Стоп, Кинни. Джастин не игрушка, не ребенок и это его жизнь, правила которой он создает сам, пути движения выбирает сам. Семь месяцев назад вы решили, пришли к соглашению. Ему надо сделать себя, показать. А семья Груббер-Мастор… Я застонал. Семья Груббер-Мастор за определенные заслуги этому очень и очень поспособствует. Был уверен, если Джастин пойдет на договор, они, со своей стороны, тоже будут придерживаться правил. И он выиграет.
Потом станет успешным, известным, на его выставки станут ломиться покупатели, критики. И кого тогда будут ебать условия договора!

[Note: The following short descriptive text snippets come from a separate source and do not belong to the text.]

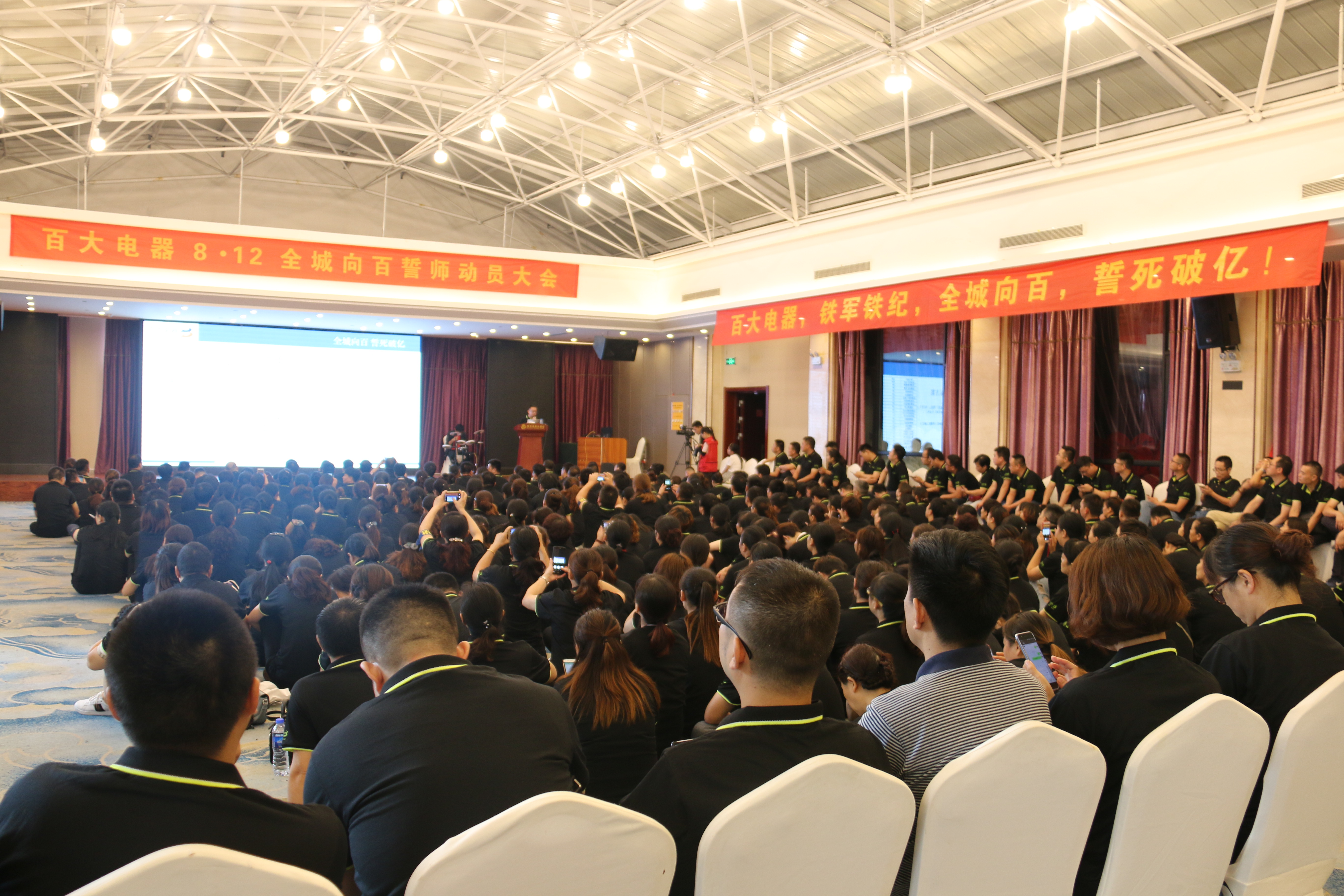 百大电器全民换新家电节震撼来袭,全城向百抢家电如期而至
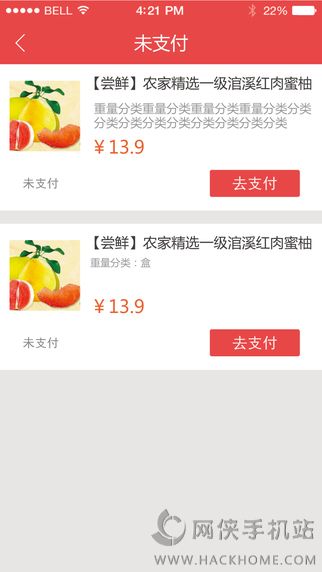 app׿ֻͼ1:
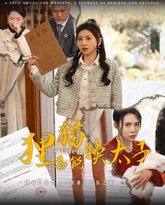 [searchlist:name] 封面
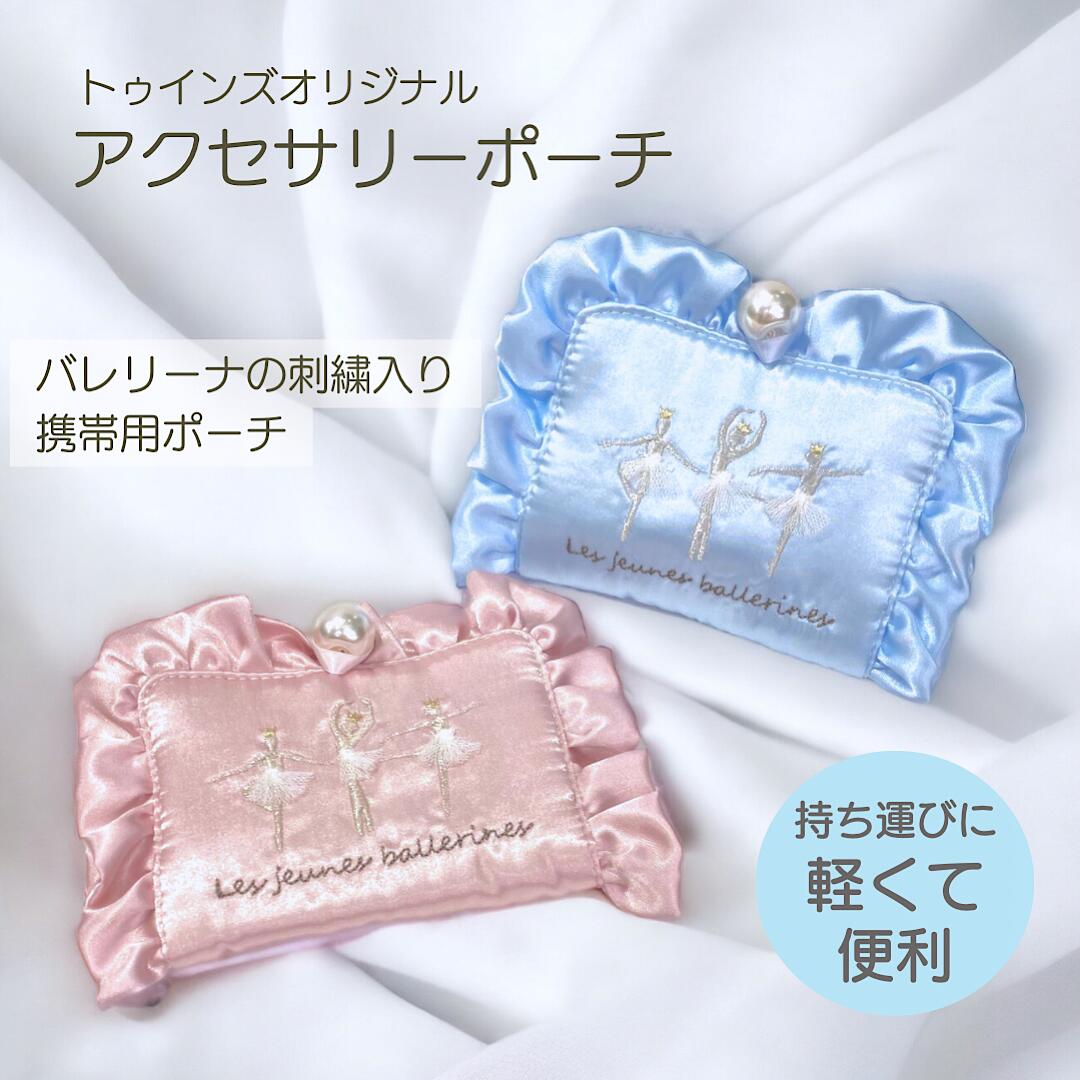 楽天市場】バレエ 携帯用 アクセサリーポーチ 【メール便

Если бы он был посредственностью, прокладывающей путь наверх только с помощью задницы, отсосов и интриг, - первый бы не стал тратить время. Но он всегда был талантливым упрямцем и принципиальным засранцем. К сожалению, талантливым засранцам тоже нужна помощь. А тут я бессилен…
Вот и вернулись в рамки той же окружности, той же реальности, о которой говорили в машине. Только более натуралистично, конкретно. Если ему придется делать выбор, то это будет - его выбор, его жизнь. Не моя. Мы вместе, но не парочка, «слитая в организм, двигающийся в одном направлении», у каждого поиск пути. Джастин особенно, - молод, все впереди.
Тогда он услышал и уехал в Нью – Йорк. Теперь имеет полное право решать, как ему распоряжаться своим членом и своим талантом.
Выпить… Еще… Быстро…
Все, хватит гонять мысль по кругу. Выводы сделаны. Он умный и разберется. Мое дело – не мешать. Не лезть. Не сбивать. Ну, и конечно, не трахаться с Груббер, - стошнит. Не моя территория. И я не художник.
Джастин все болтал и болтал, к нему и благотворительнице подходили разные люди, лесби трепала его по плечу, затылку. Очередной престарелый гей чуть не схватил юный талант за задницу, но, напоровшись, на мой взгляд в упор, - спешно ретировался.
Я же получил не менее десятка завуалированных и не очень приглашений «посмотреть, увидеть, насладиться, поговорить», познакомился с тремя потенциальными клиентами, двое из которых, - очень привлекательные для Киннетика, выразили желание провести деловые встречи через несколько дней. Их намерения относительно «постпереговорных» мероприятий были более чем прозрачны. Что ж, это бизнес, рабочий момент. На время Нью - Йорка от моногамии отписались.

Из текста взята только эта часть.